Cockroaches are an unwanted sight in a restaurant, but there's a better chance that improper food heating, cooling and storage methods will make diners sick.
Research into which food safety rules are most linked to foodborne illness is giving Twin Cities restaurant inspectors new tools to target unsafe kitchen activities that put customers particularly at risk. Inspectors for Minneapolis and St. Paul found more than 4,800 such violations at about 1,500 restaurants last year, according to a Star Tribune analysis.
"Each time you have one of these, that's like buying a … ticket to the foodborne illness lottery," said Dan Huff, environmental health director for the city of Minneapolis.
The foodborne illness risk factors, outlined by the Food and Drug Administration and the Centers for Disease Control, are a smaller subset of rules than those deemed "critical" under the state's food code. They center on inadequate cooking, food kept at the wrong temperatures, dirty equipment, food from unsafe sources and poor personal hygiene.
Minneapolis has recently begun analyzing those violations more closely, hoping to give them priority in determining which restaurants need extra attention. The Minnesota Department of Health is also crafting updates to the state's food code that would give the most weight to violations that could lead to illness.

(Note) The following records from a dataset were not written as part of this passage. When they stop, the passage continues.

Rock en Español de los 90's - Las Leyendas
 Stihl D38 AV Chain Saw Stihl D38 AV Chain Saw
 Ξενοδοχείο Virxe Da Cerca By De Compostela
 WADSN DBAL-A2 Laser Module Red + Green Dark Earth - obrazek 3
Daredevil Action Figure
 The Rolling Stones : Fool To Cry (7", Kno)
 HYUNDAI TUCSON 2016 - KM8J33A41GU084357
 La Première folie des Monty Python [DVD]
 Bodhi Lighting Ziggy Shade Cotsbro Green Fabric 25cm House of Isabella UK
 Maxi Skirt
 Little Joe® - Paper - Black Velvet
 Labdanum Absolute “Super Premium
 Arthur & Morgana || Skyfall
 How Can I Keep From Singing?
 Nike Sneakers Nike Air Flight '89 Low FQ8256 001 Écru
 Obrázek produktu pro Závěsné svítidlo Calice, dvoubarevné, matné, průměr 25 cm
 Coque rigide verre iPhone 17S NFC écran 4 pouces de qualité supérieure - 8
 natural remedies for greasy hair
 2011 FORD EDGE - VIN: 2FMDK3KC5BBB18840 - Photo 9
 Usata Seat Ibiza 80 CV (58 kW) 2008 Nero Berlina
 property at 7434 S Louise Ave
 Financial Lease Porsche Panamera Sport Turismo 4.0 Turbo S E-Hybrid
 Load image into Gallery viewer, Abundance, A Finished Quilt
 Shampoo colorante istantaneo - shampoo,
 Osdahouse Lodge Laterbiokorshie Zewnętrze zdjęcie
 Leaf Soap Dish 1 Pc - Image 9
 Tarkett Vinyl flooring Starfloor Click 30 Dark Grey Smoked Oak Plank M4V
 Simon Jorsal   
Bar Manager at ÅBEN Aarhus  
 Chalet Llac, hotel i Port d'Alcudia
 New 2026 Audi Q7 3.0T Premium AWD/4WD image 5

Not having a plumbing device that prevents a sink from sucking up dirty water is a critical violation, for example, but it is not considered a top risk factor for illness. Cooling a vat of hot soup too slowly, however, is both a critical violation and a foodborne illness risk since it can lead to bacteria growth that sickens customers. The new approach would prioritize the soup temperature over the sink.
Tougher inspections
Minneapolis' analysis comes after the city revamped its food inspections in the wake of a poor 2010 state audit. It now has eight more inspectors who speak a multitude of languages and spend more time on educating restaurant employees. A re-evaluation from the state this winter resulted in perfect or near-perfect grades.
"We got a lot better as inspectors, which means we got a lot stricter," Huff said.